Thirdly, these machines were often sold with factory installed Linux.  O.K., so it was an earlier kernel, but the SSD has clearly worked enough to met the manufacturer's satisfaction.

Fourthly, (and this where I show I'm not a developer), we are only seeing the end result of the transaction (the HSM violation).  Could there have been several erroneous - but not out-of-band - command/response exchanges leading up to the HSM violation?
Comment 27 Robert Hancock 2009-12-10 00:50:02 UTC
Well, it is quite possible that a number of SSD devices would have the same bug. There are only a few different manufacturers of the actual controller that talks on the ATA bus, regardless of who makes the flash chips or who prints their name on the device.

If 2.6.28 is indeed OK (not just that the problem happens less frequently) then likely the easiest way to track it down would be for someone to try bisecting. That's assuming the problem is caused by a single bad commit, though. If the problem isn't actually due to any change in behavior but just a difference in timing or something like that, then it's possible the bisect may not come up with anything useful. It'd be an important troubleshooting step nonetheless, however.

If there were any really "erroneous" exchanges before that we would have seen error reports about them, unless I misunderstand what you mean..
Comment 28 Andrew Simpson 2009-12-10 06:05:01 UTC
You could be right that all the devices have common firmware (and bug).  It just feels remote in this case.

More importantly, some interesting research on the Ubuntu bug report by a number of users:

Ubuntu 9.10 (Karmic) shows the bug with 2.6.28, 2.6.29, 2.6.31, 2.6.32.

Ubuntu 9.04 (Jaunty) shows NO bug with 2.6.28, 2.6.30, 2.6.31, 2.6.32

This has been confirmed by three different users.  Ext4 has been ruled out (same results with ext2).

Two questions:  Is this a bug outside the kernel space?  And how can a userspace bug affect the disk operations?
Comment 29 Robert Hancock 2009-12-10 14:38:15 UTC
A userspace bug shouldn't be able to affect disk operations at that level. Unless it is just some kind of timing difference that's triggering the error.

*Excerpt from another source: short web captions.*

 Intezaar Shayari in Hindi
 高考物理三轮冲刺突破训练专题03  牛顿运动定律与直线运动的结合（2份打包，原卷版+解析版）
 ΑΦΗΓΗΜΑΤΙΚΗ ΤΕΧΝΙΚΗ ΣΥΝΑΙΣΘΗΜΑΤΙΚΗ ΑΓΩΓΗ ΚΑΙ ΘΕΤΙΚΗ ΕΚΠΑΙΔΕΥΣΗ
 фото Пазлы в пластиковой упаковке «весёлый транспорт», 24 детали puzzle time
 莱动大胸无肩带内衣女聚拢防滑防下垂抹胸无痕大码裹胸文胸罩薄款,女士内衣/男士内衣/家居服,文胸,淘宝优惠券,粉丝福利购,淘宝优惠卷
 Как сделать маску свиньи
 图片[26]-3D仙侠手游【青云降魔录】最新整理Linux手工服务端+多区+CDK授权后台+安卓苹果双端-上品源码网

Assuming that pattern is indeed consistent, presumably those reports are mainly with Ubuntu-patched kernels.. are there any Ubuntu kernel patches in Karmic that wouldn't have been in Jaunty that could explain this?
Comment 30 Tejun Heo 2009-12-10 14:44:03 UTC
One thing which changed with recent distros is the use of devicekit storage stuff which seems to issue slightly different SMART commands than smartd, so there's a slight chance that it might be causing some problem.  It would be interesting to try new kernel on older distro and see whether the problem goes away.

Thanks.
Comment 31 Robert Hancock 2009-12-10 23:55:03 UTC
Yes, that could potentially be a factor. Could also try disabling that service (however exactly one does this) on the newer distro and see if that helps..
Comment 32 Johan Van den Neste 2009-12-14 16:51:20 UTC
Comment #28 points out that indeed the bug does not show on older distros with a new kernel. The devicekit suggestion looks to be spot on, indicated by comments 107 and 108 in the ubuntu bug tracker (referenced here in comment #24).
Comment 33 Scott James Remnant 2009-12-14 18:38:47 UTC
I've been tracking a bug we've linked to this on Ubuntu, the most recent replies received from affected users do indicate that it's the devkit-disks-probe-ata-smart command that triggers the HSM Violations and death of their SSD.
Comment 34 David Zeuthen 2009-12-14 20:09:58 UTC
(In reply to comment #33)
> I've been tracking a bug we've linked to this on Ubuntu, the most recent
> replies received from affected users do indicate that it's the
> devkit-disks-probe-ata-smart command that triggers the HSM Violations and
> death
> of their SSD.

This program is a user of libatasmart. You want to look at

 http://git.0pointer.de/?p=libatasmart.git;a=summary

Here's the libatasmart bug tracker

 http://bugs.freedesktop.org/enter_bug.cgi?product=libatasmart
Comment 35 Bartlomiej Zolnierkiewicz 2009-12-15 00:34:20 UTC
On Monday 14 December 2009 09:10:00 pm bugzilla-daemon@bugzilla.kernel.org wrote:
> http://bugzilla.kernel.org/show_bug.cgi?id=14583
> 
> 
> David Zeuthen <zeuthen@gmail.com> changed:
> 
>            What    |Removed                     |Added
> ----------------------------------------------------------------------------
>                  CC|                            |zeuthen@gmail.com
> 
> 
> 
> 
> --- Comment #34 from David Zeuthen <zeuthen@gmail.com>  2009-12-14 20:09:58
> ---
> (In reply to comment #33)
> > I've been tracking a bug we've linked to this on Ubuntu, the most recent
> > replies received from affected users do indicate that it's the
> > devkit-disks-probe-ata-smart command that triggers the HSM Violations and
> death
> > of their SSD.
> 
> This program is a user of libatasmart. You want to look at
> 
>  http://git.0pointer.de/?p=libatasmart.git;a=summary

Slightly off-topic but WTF is this?  NIH smartmontools implementation?

Oh, I see.. 

	http://0pointer.de/blog/projects/being-smart.html

Why, oh, why...  smartmontools were working just fine and could have
been _easily_ been ported to C from C++ or enhanced into libsmartmon..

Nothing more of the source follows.